US magazine Truthout has picked my book Disaster Capitalism: Making A Killing Out Of Catastrophe as its “Progressive Pick” (AKA book of the moment). Here’s an extract from the introductory chapter:

“Sometimes we win the skirmishes, but the war continues.” — Rebecca Solnit, 2011

Back in 1972 Jørgen Randers, today the professor of climate strategy at the Norwegian Business School, published a book called The Limits to Growth. He warned of the devastating impact of population and economic growth on a world of limited resources. Revisiting that prognosis in a 2004 essay, he found that his predictions were correct and that global leaders had been much remiss in ignoring the urgent need to battle unsustainable development.

Randers’ key argument was a challenge to the inherent rules of capitalism. By 2015, he was pessimistic that the current financial order was capable of — or even had any interest in — reducing the devastating effects of climate change. “It is cost-effective to postpone global climate action,” he wrote.

“It is profitable to let the world go to hell. I believe that the tyranny of the short term will prevail over the decades to come. As a result, a number of long-term problems will not be solved, even if they could have been, and even as they cause gradually increasing difficulties for all voters.”

To encourage a country such as Norway to tax every citizen, his suggested solution was for people to pay an extra 250 euros every year for a generation, thereby drastically cutting greenhouse gases and providing an example to other industrialized nations. The idea never got off the ground.

“The capitalist system does not help,” Randers explained.

“Capitalism is carefully designed to allocate capital to the most profitable projects. And this is exactly what we don’t need today. We need investments into more expensive wind and solar power, not into cheap coal and gas. The capitalistic market won’t do this on its own. It needs different frame conditions — alternative prices or new regulation.”

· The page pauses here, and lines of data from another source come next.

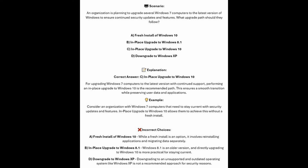And now for the incorrect answers. Whilst a fresh install is an option for Windows 10, it involves reinstalling applications and migrating data separately. In Place Upgrade to Windows 8.1 is an older version, and directly upgrading to Windows 10 is more practical for staying current. And downgrading to Windows XP — an unsupported and outdated operating system — is not a recommended approach for security reasons.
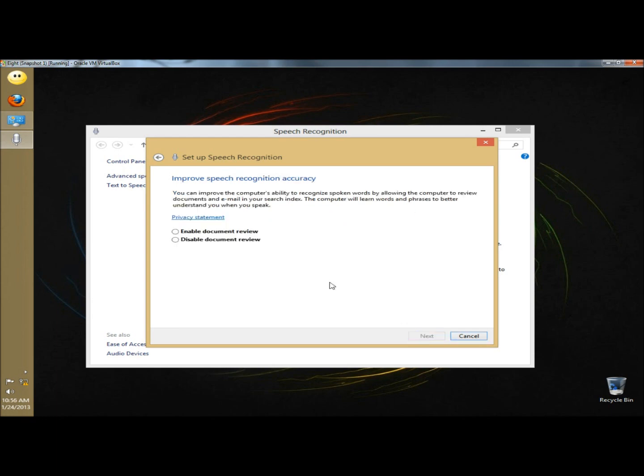Here you can enable or disable document review. It says you can improve the computer's ability to recognize spoken words by allowing the computer to review documents in email in your speech index. I'm going to click enable document review and click next.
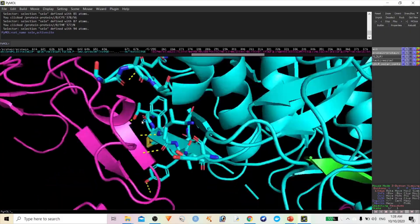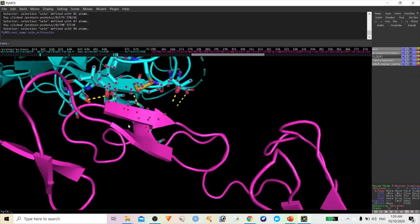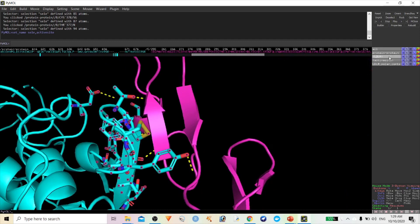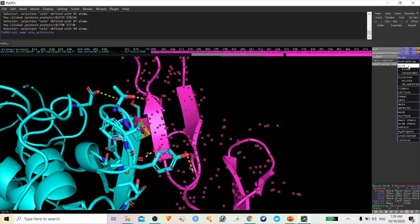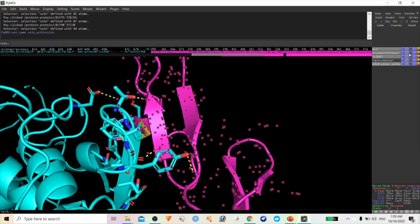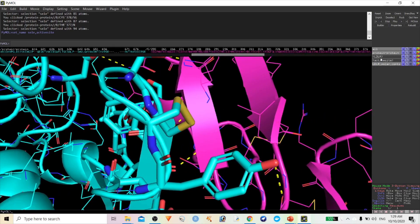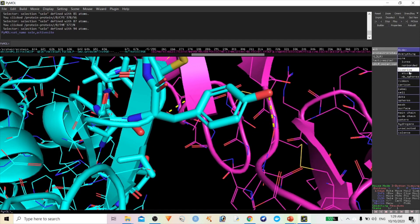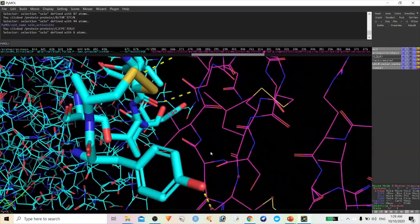If you want to see the interacting amino acids clearly, type 'select ldlr, show lines'. Once you click Lines, it will display in lines format. You can also hide the cartoon for clearer visualization. Now the isolation is very clear — you can see the amino acids interacting with this one.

Although Randers pushed the worrying idea of “enlightened dictatorship” — “for a limited time period in critical policy areas” — his thesis strikes at the heart of why wealth is concentrated in so few hands in today’s world: there is little incentive to advocate for a more equitable planet. The market system guarantees unfairness and rewards greed.

Such debates are starting to emerge even among the class who most benefits from such inequality. During the annual conference in Davos, Switzerland, in 2015, where the world’s business and political leaders gather to congratulate themselves, some sessions concluded that inequality was a serious problem facing the globe, and participants were pessimistic about solving it.

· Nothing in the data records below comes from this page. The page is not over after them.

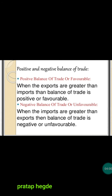There are different types of balance of trade. The first one is positive balance of trade, also called favourable balance of trade or surplus balance of trade. This is when exports are greater than imports — that country is said to have a positive or favourable balance of trade.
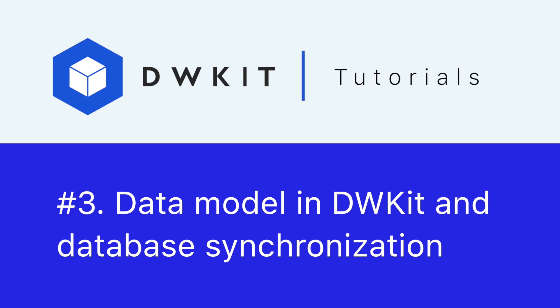Hello and welcome back to the DWKit tutorial series. In this video we'll learn about creating and managing data models for business processes.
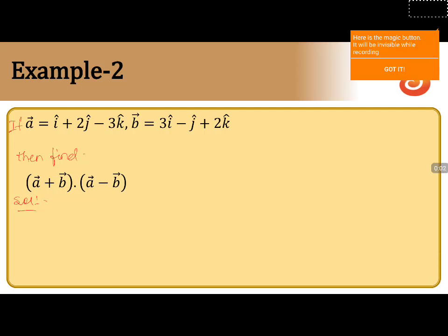Here, if a vector is equals to i cap plus 2j cap minus 3k cap, and b vector is equals to 3i cap minus j cap plus 2k cap, then find a plus b vector dot a minus b vector.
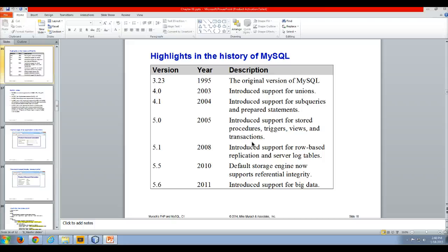And then in 2011, it introduced support for what we in the industry refer to as big data, which are just very large sets of data and the processing of such data.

Such talk was a start, but hardly enough when the dictator Abdel Fattah al-Sisi, the Egyptian president — a man responsible for the death of thousands of his own people — was warmly welcomed in Davos and allowed to pontificate about his vision for “sustainable development.” Human rights and economic freedom must not be mutually exclusive concepts.

The figures speak for themselves. The share of wealth in the US owned by its richest 0.01 percent has quadrupled since the eve of the Reagan Revolution. The top 1 percent of the world’s population owns 46 percent of all global assets. US cuts in food stamps have left the nation’s largest food bank, in New York, struggling to cope with demand. Around 16.5 percent of the state’s population requires emergency food assistance. In 2013, roughly 14 percent of the country’s population “lacked access to enough food for an active, healthy life for all household members,” according to the US Department of Agriculture — a 30 percent increase since 2007. The US middle class, long viewed as the globe’s most successful, now suffers growing income inequality. A crucial factor in this decline has been the failure of educational attainment to progress as successfully as in other industrialized states.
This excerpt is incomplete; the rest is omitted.